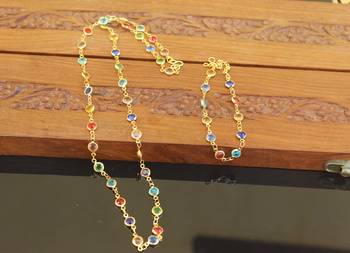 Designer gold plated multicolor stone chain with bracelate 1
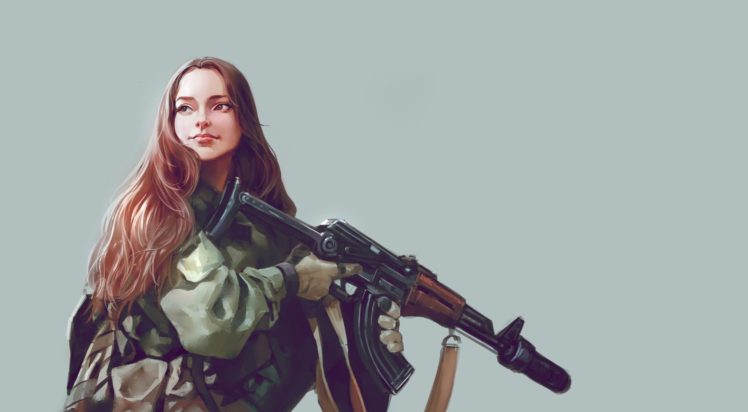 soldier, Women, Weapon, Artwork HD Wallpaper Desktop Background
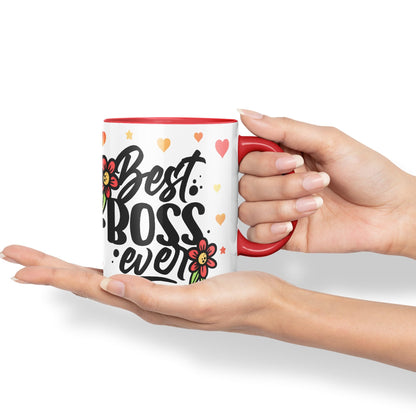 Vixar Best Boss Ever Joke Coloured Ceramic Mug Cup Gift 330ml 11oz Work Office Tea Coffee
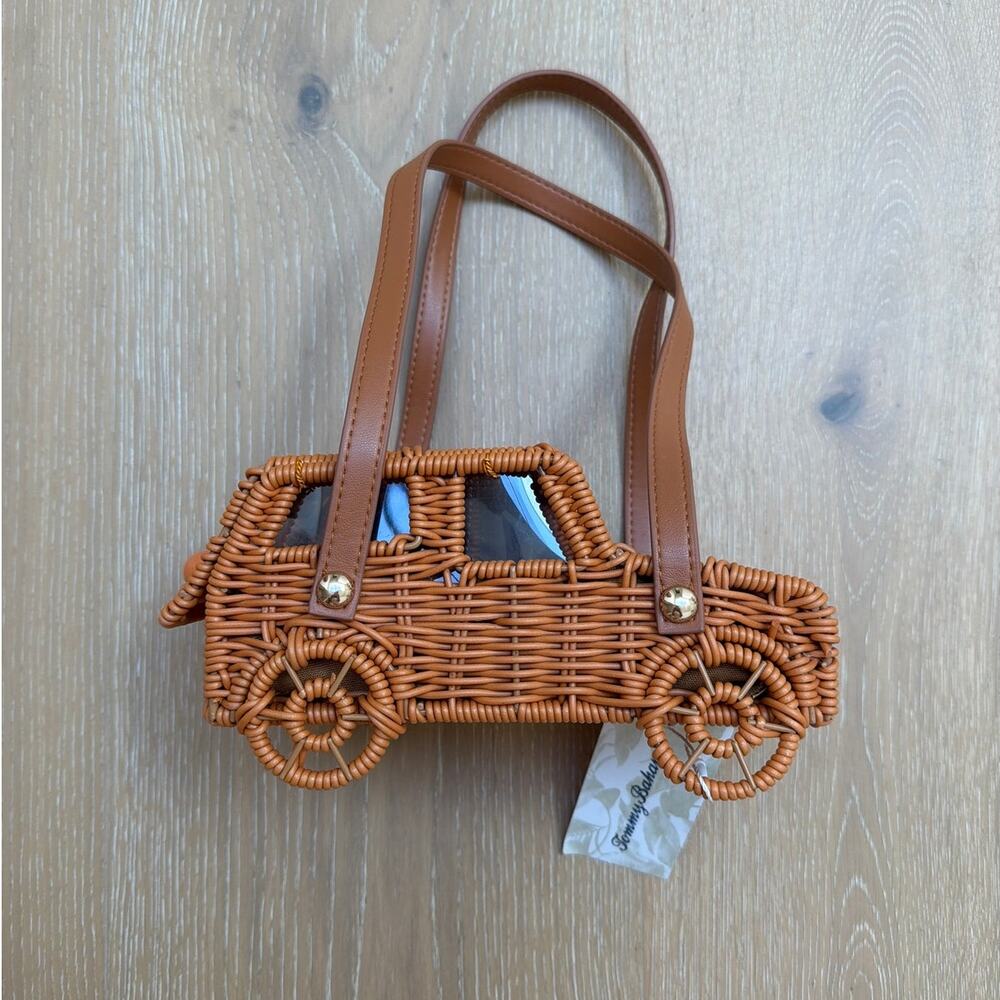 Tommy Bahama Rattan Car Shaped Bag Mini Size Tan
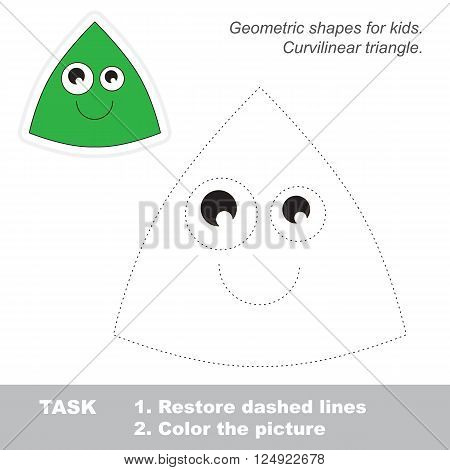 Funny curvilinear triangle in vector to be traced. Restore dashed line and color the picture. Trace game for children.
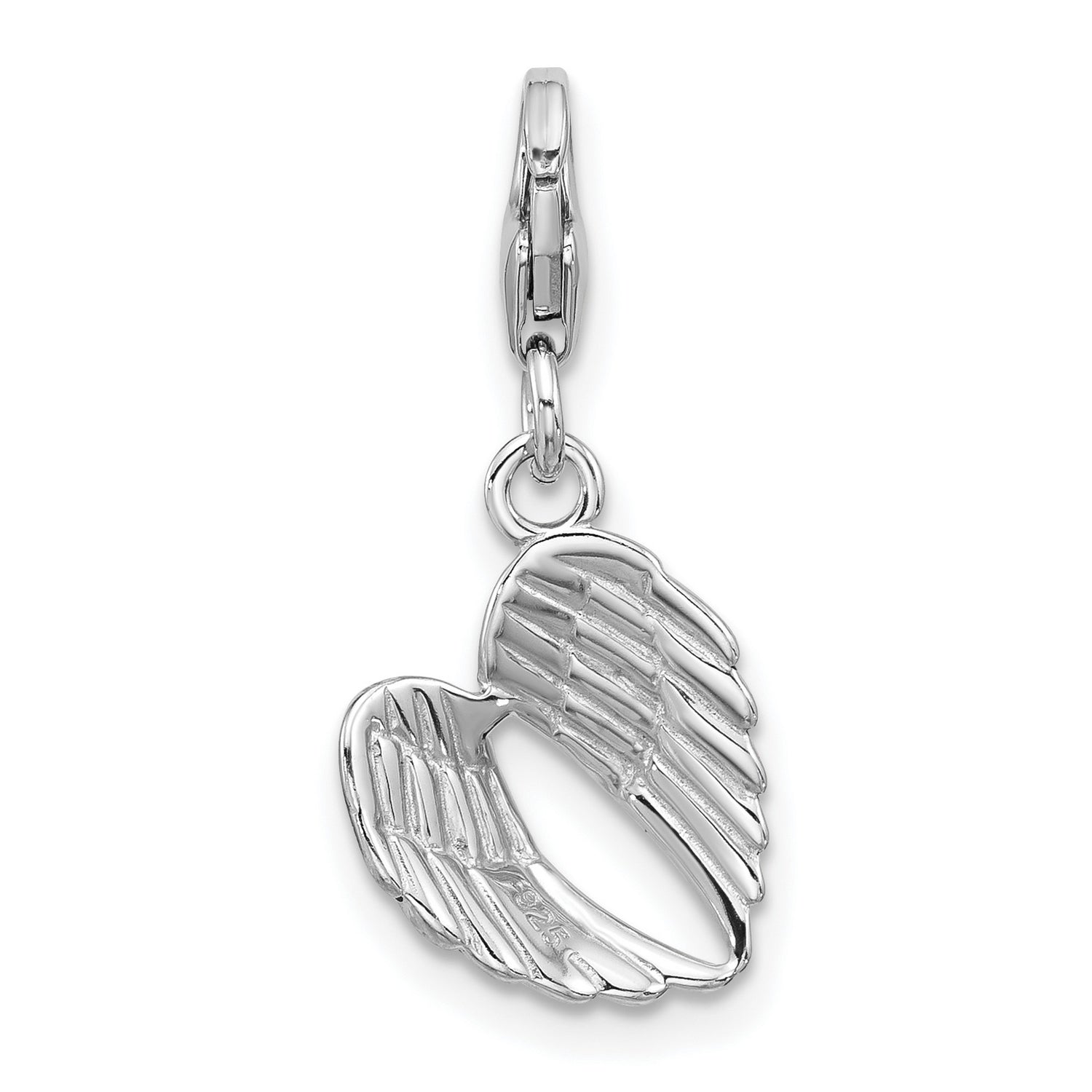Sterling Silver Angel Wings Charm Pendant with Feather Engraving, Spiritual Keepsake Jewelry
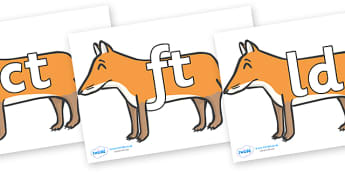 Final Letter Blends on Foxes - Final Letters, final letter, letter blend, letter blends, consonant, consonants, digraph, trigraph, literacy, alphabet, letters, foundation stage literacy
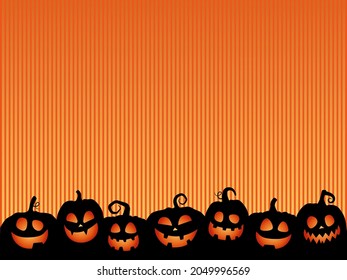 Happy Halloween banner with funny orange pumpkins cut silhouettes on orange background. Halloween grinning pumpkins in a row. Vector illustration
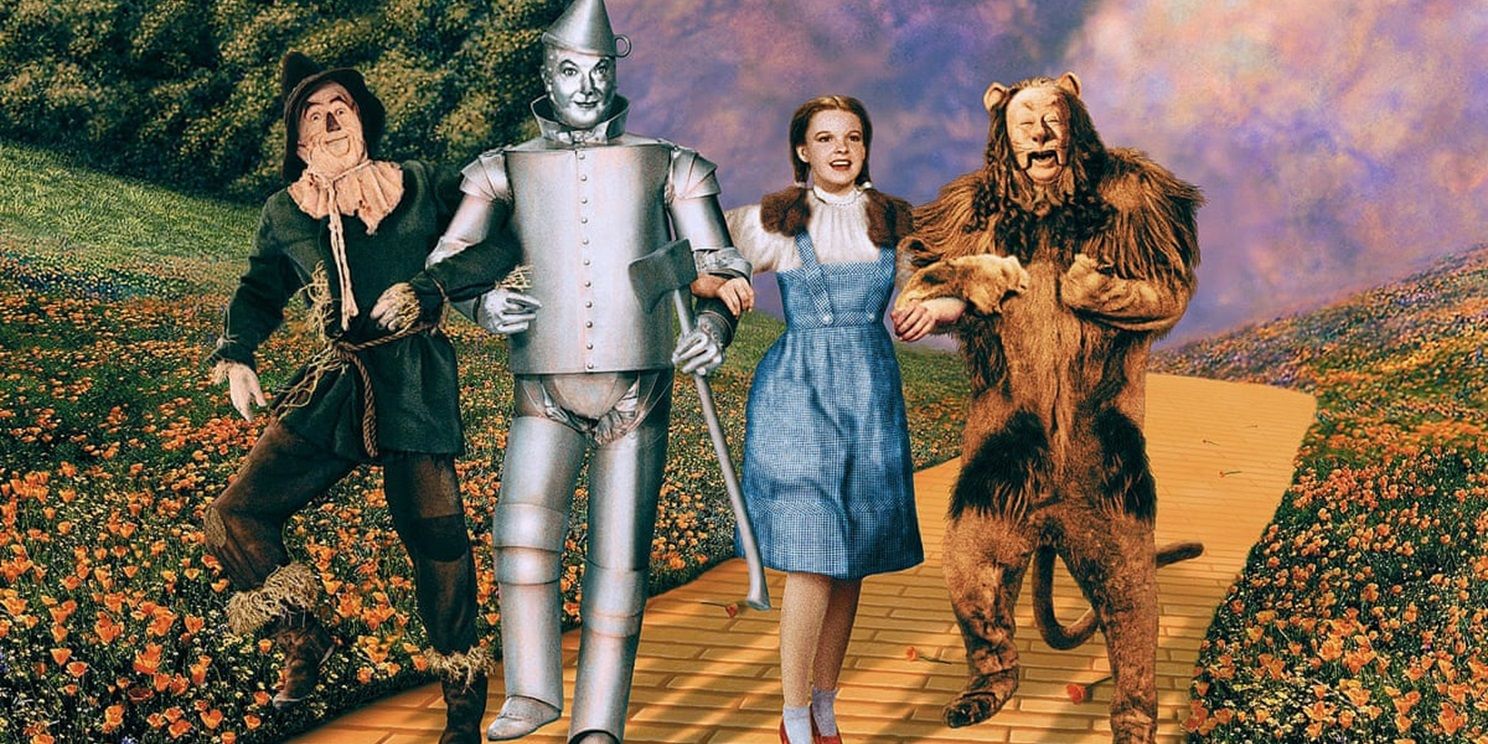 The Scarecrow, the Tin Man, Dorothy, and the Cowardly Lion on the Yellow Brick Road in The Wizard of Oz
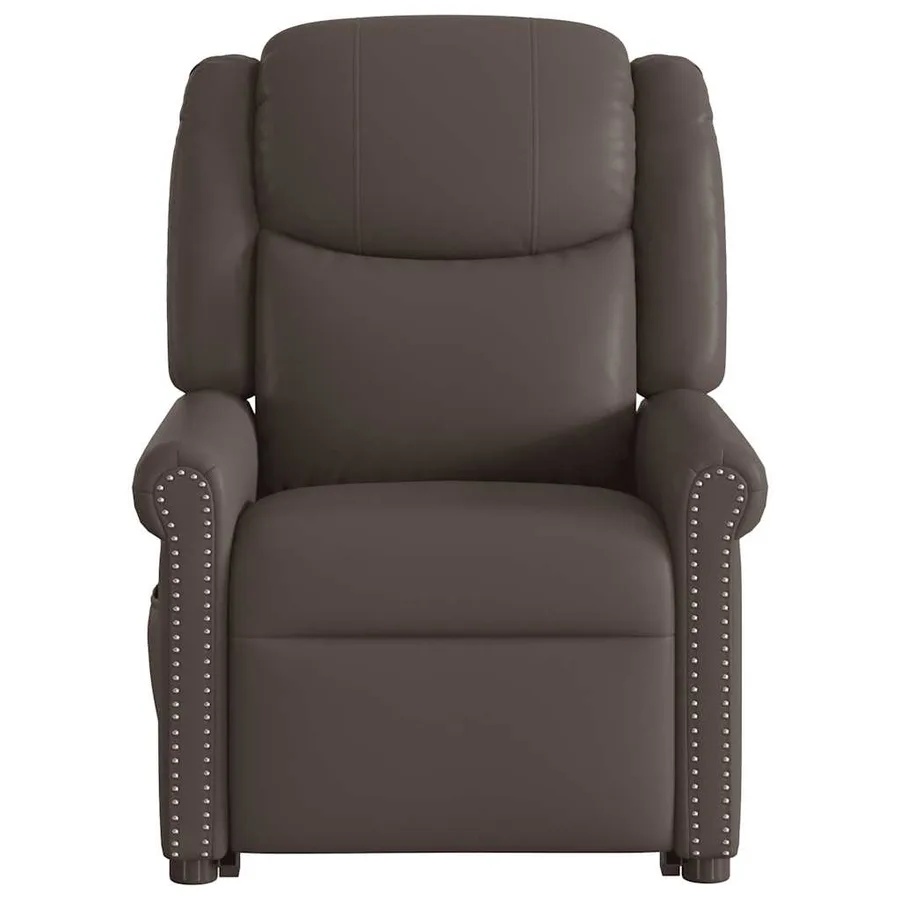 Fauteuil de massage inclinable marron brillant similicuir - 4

Work to complete
Repeat the listing above exactly from its first line to the line containing "Funny curvilinear triangle", both included, and omit the pictures.

Exercise result
 Designer gold plated multicolor stone chain with bracelate 1
 soldier, Women, Weapon, Artwork HD Wallpaper Desktop Background
 Vixar Best Boss Ever Joke Coloured Ceramic Mug Cup Gift 330ml 11oz Work Office Tea Coffee
 Tommy Bahama Rattan Car Shaped Bag Mini Size Tan
 Funny curvilinear triangle in vector to be traced. Restore dashed line and color the picture. Trace game for children.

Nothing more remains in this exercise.